Indian infrastructure is gathering steam

The government has been working on reducing the bottlenecks that impede growth in the infrastructure sector


When investing in equity assets for the long term, two rules stand investors in good stead. First, the earnings outlook for the sector must be good and favourable overall, and second, valuation of the sector should be really attractive, given the plausible improvement in earnings opportunities. 

Considering these guidelines, the sector which currently fulfils both of these conditions is infrastructure. The point to note here is that this is one sector that has been undershooting the market on a relative basis for nearly a decade now. This makes the opportunity in the infrastructure sector quite attractive based on current valuations.

Also, earnings are expected to be improving here on, thanks to the initiatives taken by the government to remove the various bottlenecks and impediments in this space. 

For a massive country such as India, improvement in infrastructure is a necessity. Over the next decade, an estimated $1.5 trillion is needed to create infrastructure, and overhaul and refurbish existing infrastructure. Consequently, there are multiple segments within infrastructure that show better value. 

Over the past 2 years, the government has been working on providing the much-needed groundwork that can see the sector take off in coming years.

Following several initiatives such as ‘Housing for All’ and ‘Smart Cities,’ the government has been working on reducing the bottlenecks that impede growth in the infrastructure sector. The latest budgetary outlay for infrastructure spending has been increased to Rs3.96 lakh crore for various projects including housing, railways, ports and irrigation. 

A case in point is roads. In the past few years, road construction has come to a standstill—only about 1,000km of road construction had been awarded in 2013. However, the removal of infrastructure bottlenecks is seeing an increase in road construction now, with contracts being awarded rising to over 4,000km in financial year 2016 and beyond.

Also, with just 24% of the National Highway network being four-lane or more, the scope for improvement is immense. Other initiatives such as metro railways are expected to add nearly 500km of railway lines in metro cities and beyond. 

But the Indian infrastructure story is not just about road construction. In almost all sectors such as power, railways, metro rail, ports, irrigation, pipelines and so on, the growth potential is immense. 

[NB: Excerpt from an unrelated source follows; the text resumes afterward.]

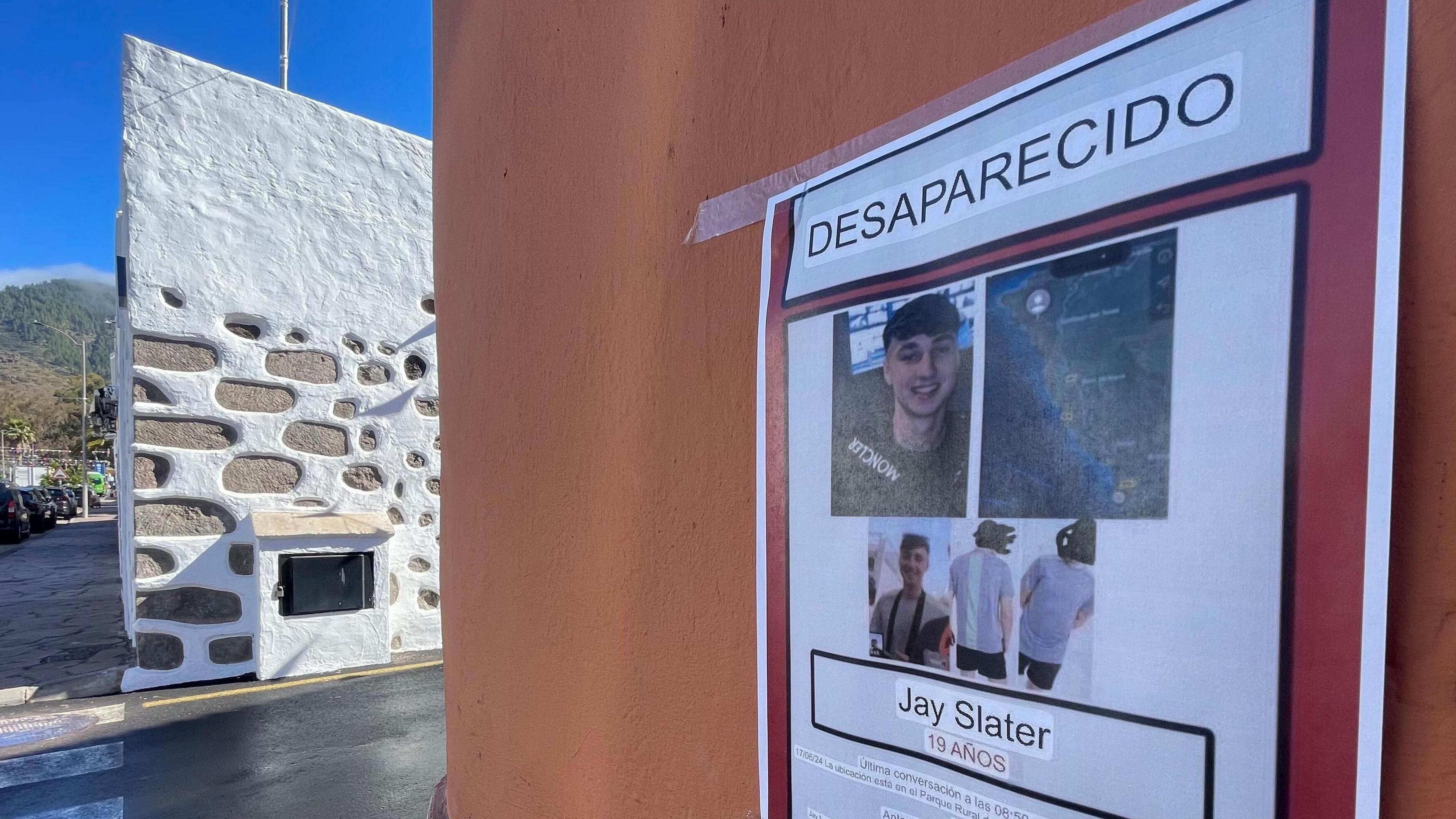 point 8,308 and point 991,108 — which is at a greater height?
point 8,308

Thanks to initiatives such as the Uday scheme, the power sector has been clocking fast growth. Through this scheme, the government has taken steps to improve operational and financial parameters and increase tariff to help distribution companies (discoms) reduce mounting losses and debt. It has thus far laid out a visionary target for India—providing 24x7 power. 

For this target, the government plans to spend $50 billion on transmission infrastructure. It also aims for 1 billion tonne of domestic coal production.

In the past few years, grid construction has improved considerably, thus enabling power to be carried seamlessly even to the remote corners of the country. In fact, India has one of the lowest electricity prices in the world as discoms subsidize tariffs for residential and agriculture use by charging industrial and commercial consumers heavily. 

‘Housing for All’ is another initiative that is expected to make significant contribution to boost GDP growth. In terms of budgetary allocation, there has been a 45% rise in allocation with the government targeting 3.3 million houses in FY18-19.

Besides, affordable housing has been given infrastructure status, which could reduce borrowing costs for this sector. Additionally, the definition of affordable housing has been changed from built-up to carpet area, which allows an increase in area of approximately 13-17% of such homes.

The other positive for this space has been the increase in interest subsidy, as announced in Budget 2017, which is likely to encourage home loans to the middle class. 

Further, interest rates have cumulatively seen a 175-basis-point cut over the past 2 years. One basis point is one-hundredth of a percentage point. Lower rates have helped these infrastructure companies to reduce their funding costs notably, and lower break-even levels of some projects.

Furthermore, infrastructure companies have been deleveraging, which means much of their balance sheets have been cleaned up and now look healthier and in a much better shape, empowering them to take on new projects. 

Infra-support sectors such as cement and capital goods, too, stand a chance to gain as the demand increases. Even though market participants have started to realize the potential held by the infra segment, due to its chequered past of excessive leverage, stalled execution and over-expansion, infrastructure companies fail to command high valuations. Hence, they have a better risk-adjusted-return profile. 

Even if a retail investor was convinced about this opportunity, understanding which companies are better placed in terms of their balance sheets, order books, ability to raise resources, and ramp up execution is not that easy. Therefore, the best way for such an investor to play the infra theme is via infrastructure funds. Through an infra fund, an investor can regularly take exposure to the theme through the systematic investment plan (SIP) or the lump sum route. Given the likely improvement expected in this space, an investor who is ready to stay invested over the next 1-2 years, is likely to have a rewarding experience.

Nimesh Shah is managing director and chief executive officer, ICICI Prudential Asset Management Co. Ltd.